Boyce Upholt is an award-winning freelance writer with a particular interest in the way we shape place and the way places shape us. Boyce was named a 2016 "Writer of the Year" by the International Regional Magazine Association for his work at Mississippi Magazine. His feature writing has been nominated for Best American Science & Nature Writing, and for James Beard Foundation awards in investigative journalism and travel & food writing.
Boyce grew up in suburban Connecticut, taught high school math on a South Dakota Indian reservation, spent years amid the cotton fields of the Mississippi Delta, and now (sometimes) wears cowboy boots in his home of New Orleans, Louisiana. While on assignment he has trawled the Gulf for wild shrimp, dodged (and eaten) airborne invasive carp, and stayed up all night at a juke joint. He has interviewed Morgan Freeman, champion birddog trainers, and the experts who make your political junk mail.

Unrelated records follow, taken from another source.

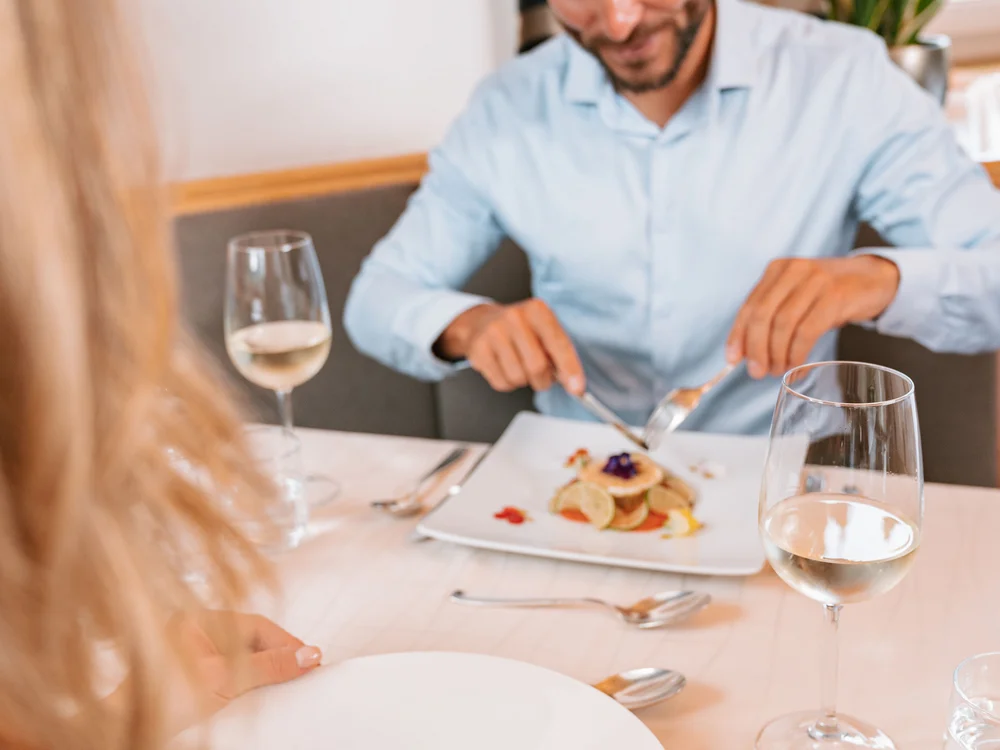 Mann und Frau essen in Restaurant und genießen feines Essen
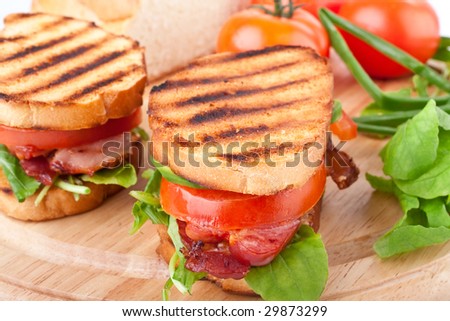 Bacon, lettuce and tomato BLT sandwiches with fresh ingredients at back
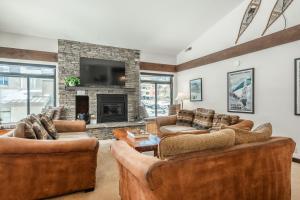 Una sala de estar con sofás y chimenea. en Silverbear #41 - 2 Bedrm + Loft / 3 Bathrm 1/2 block to Canyon Lodge! Slps 8, en Mammoth Lakes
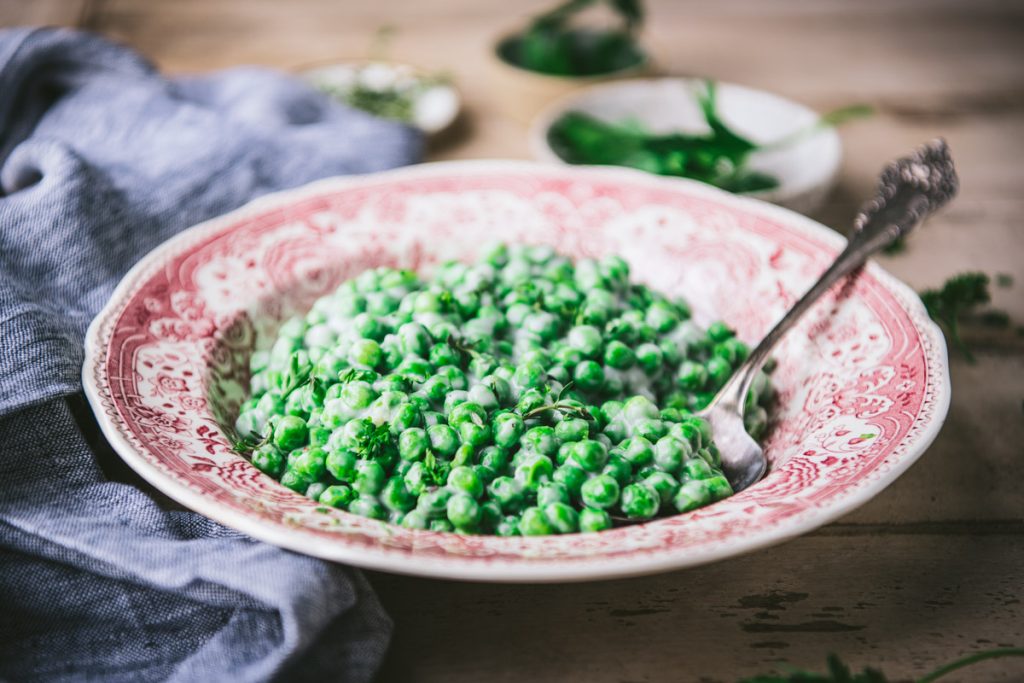 Horizontal shot of a bowl of creamed peas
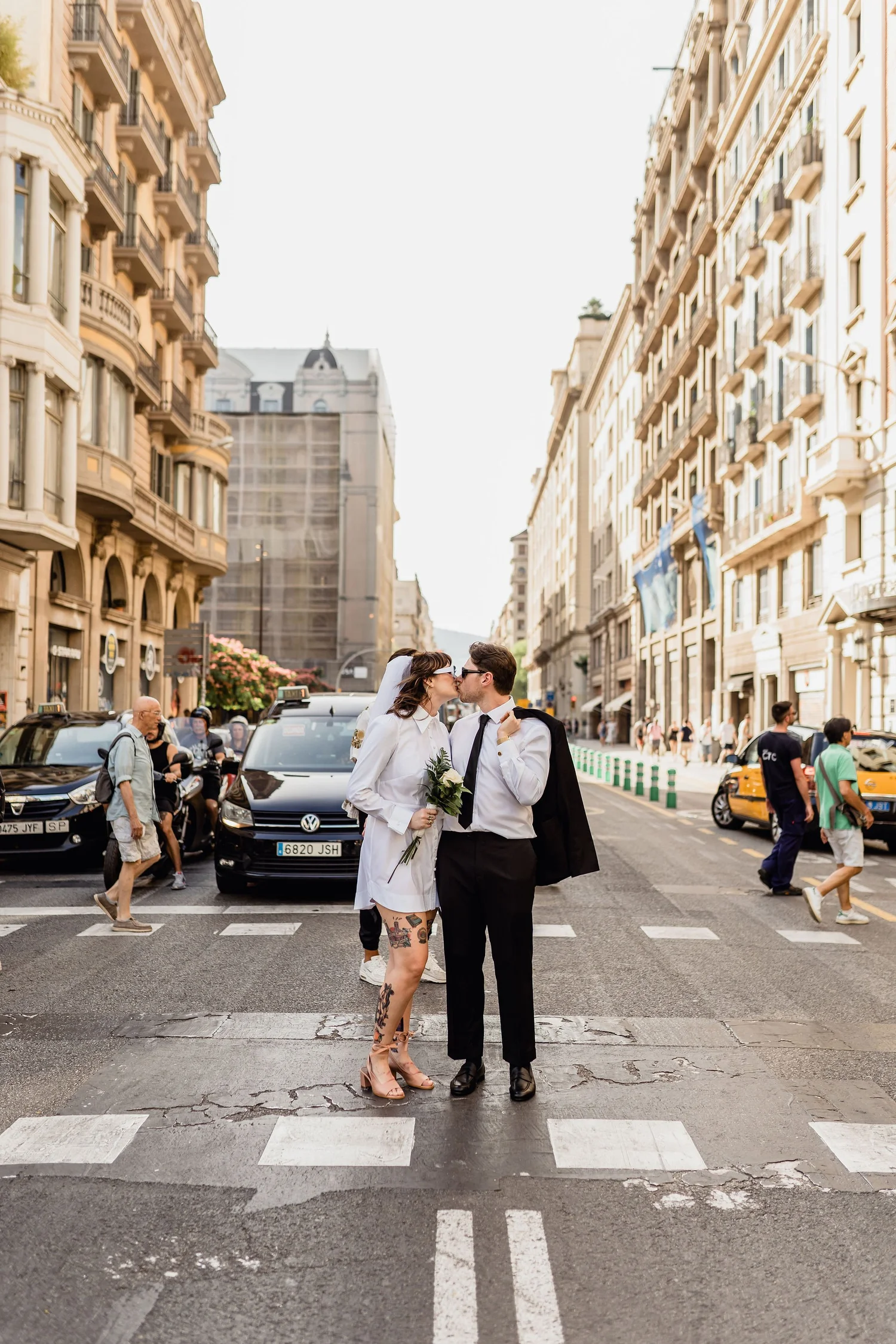 A bride and groom sharing a kiss on a city street during daylight, surrounded by pedestrians and cars, with historic buildings in the background.
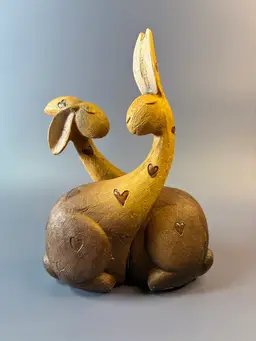 Resin Hugging Rabbit Figurines  6.25” T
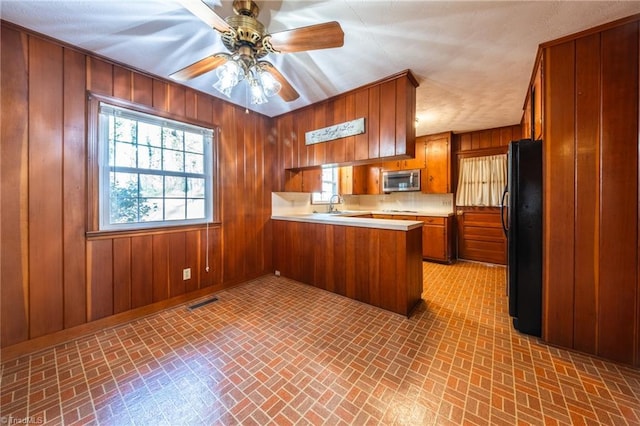 kitchen featuring brown cabinetry, a healthy amount of sunlight, a peninsula, freestanding refrigerator, and stainless steel microwave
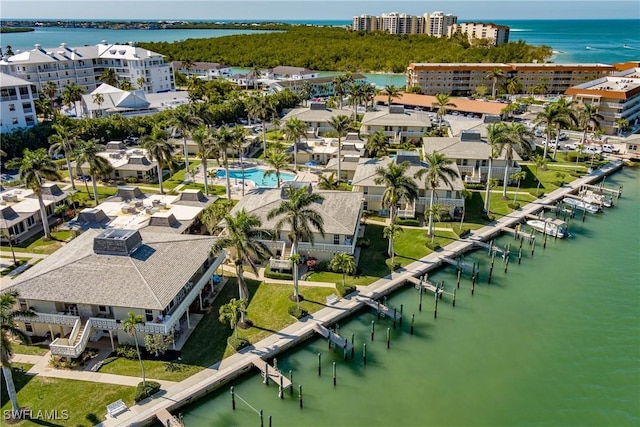 birds eye view of property featuring a water view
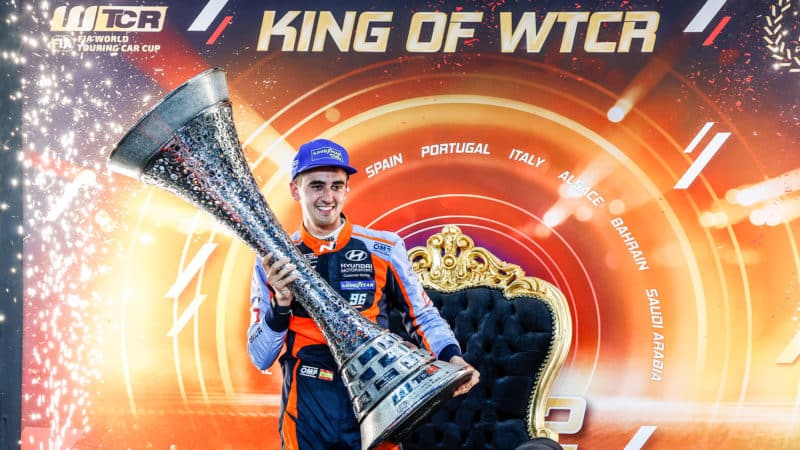 Mikel Azcona celebrates winning 2022 WTCR championship holding trophy in front of a throne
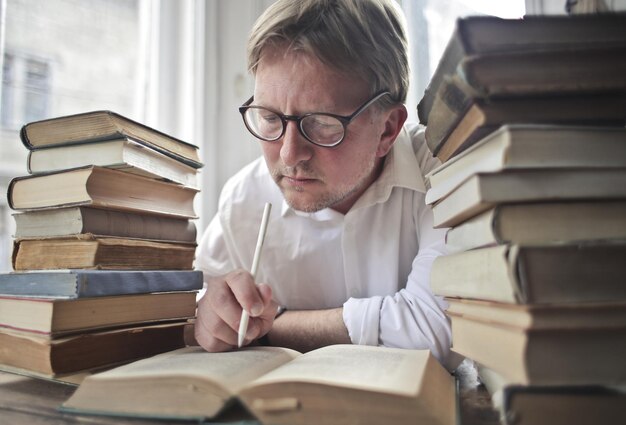 Hombre en casa con libros estudiando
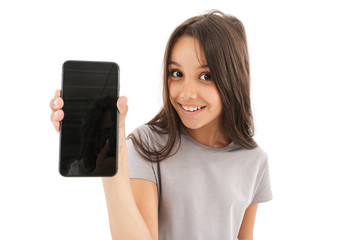 Cute girl standing isolated showing display of mobile phone.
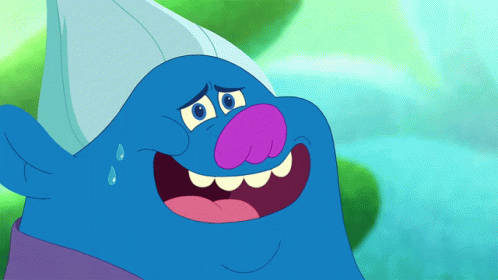 A Blue Troll With A Purple Nose And A White Hat Is Smiling GIF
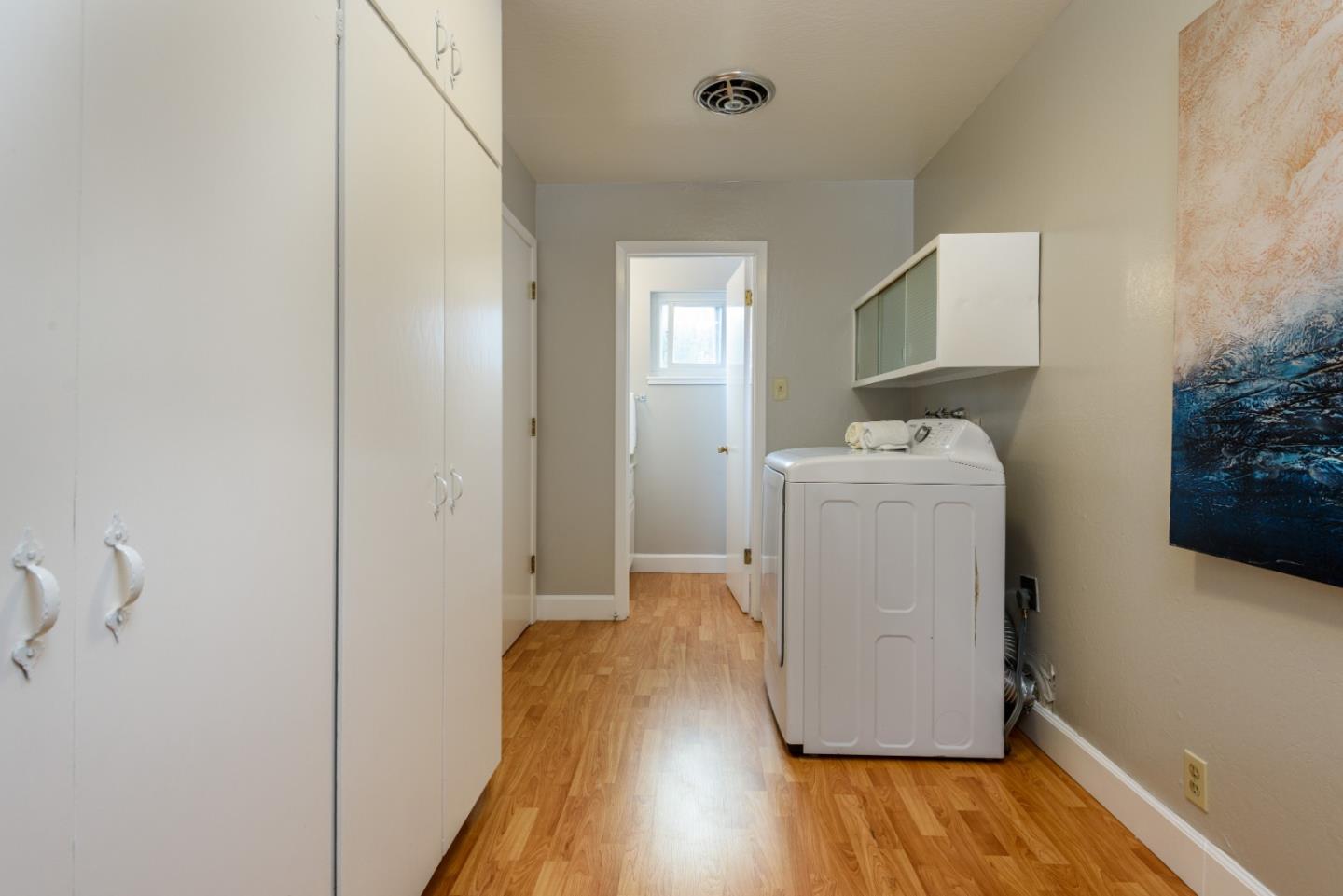 95 Avondale Road Hillsborough, CA 94010 - Photo 19 of 25 a utility room with wooden floor washer and dryer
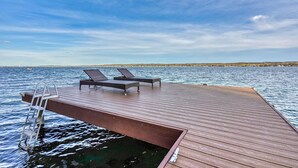 A wooden deck extending into a body of water with two lounge chairs and a ladder. - Enjoy swimming/boating in the lake, Fall Foliage, Wine trail, Skiing and Hiking (Canandaigua)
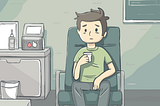 Man with an exasperated expression holding a sample cup while sitting on a wide char in a examination room.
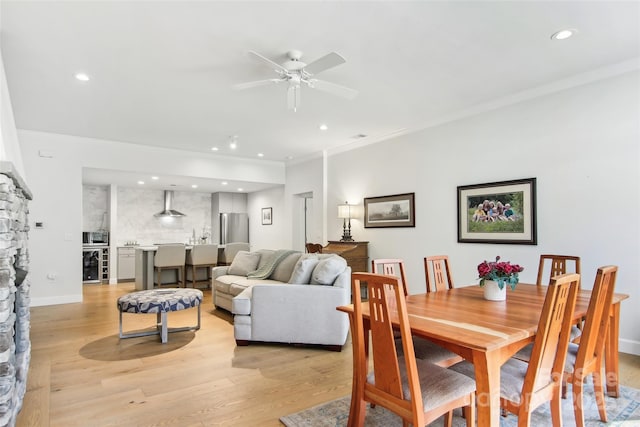 dining space with light wood-style flooring, recessed lighting, a ceiling fan, crown molding, and beverage cooler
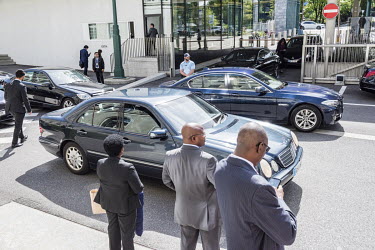 Diplomats, limousines and security at the entrance to the WTO headquaters following a session of the General Council, the institution's highest-level decision-making body.  The World Trade Organisat...
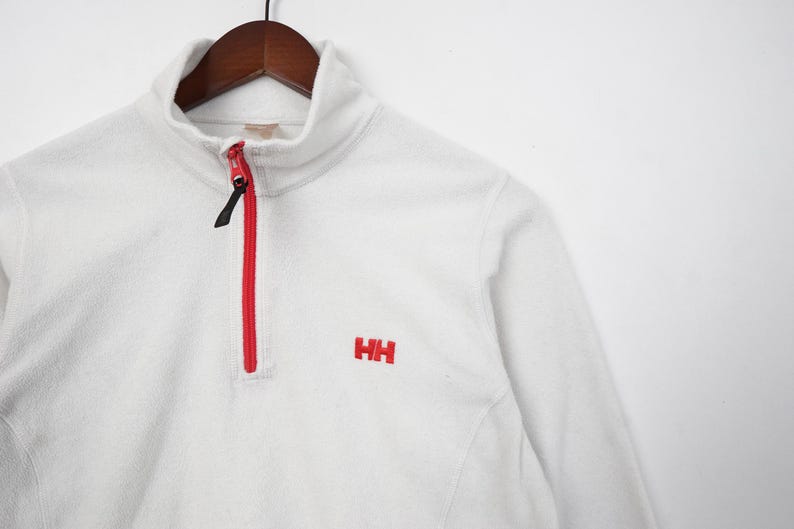 Op de afbeelding: Een witte fleece trui met een rode rits en de geborduurde letters "HH" in rood. De kraag is een col. Het kledingstuk hangt aan een houten hanger.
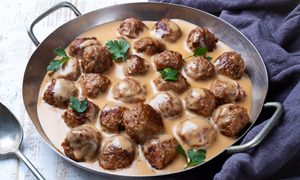 Swedish meatballs and light colored gravy in a silver pan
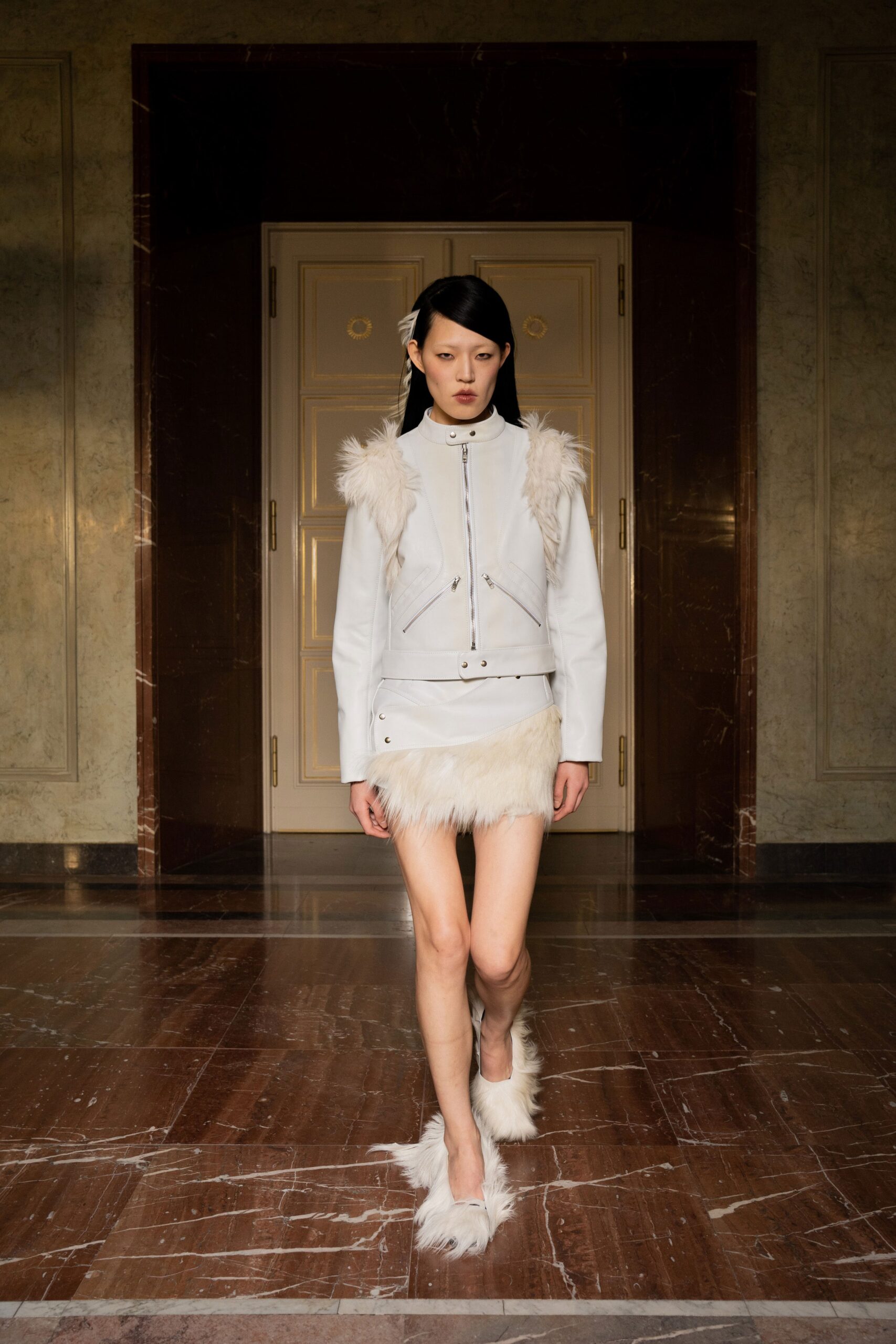 A fitted white leather jacket with a zippered front and a fringed skirt.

Boyce received his MFA from Warren Wilson College and was a 2017 fellow with the 11th Hour Food & Farming Journalism program at U.C.-Berkeley. His writing has appeared in, among other publications, The New Republic, The Atlantic, Sierra Magazine, and the Bitter Southerner. He is currently working on a book about the Mississippi River—a history of what we’ve done to it, and a travelogue showing the consequences of those acts.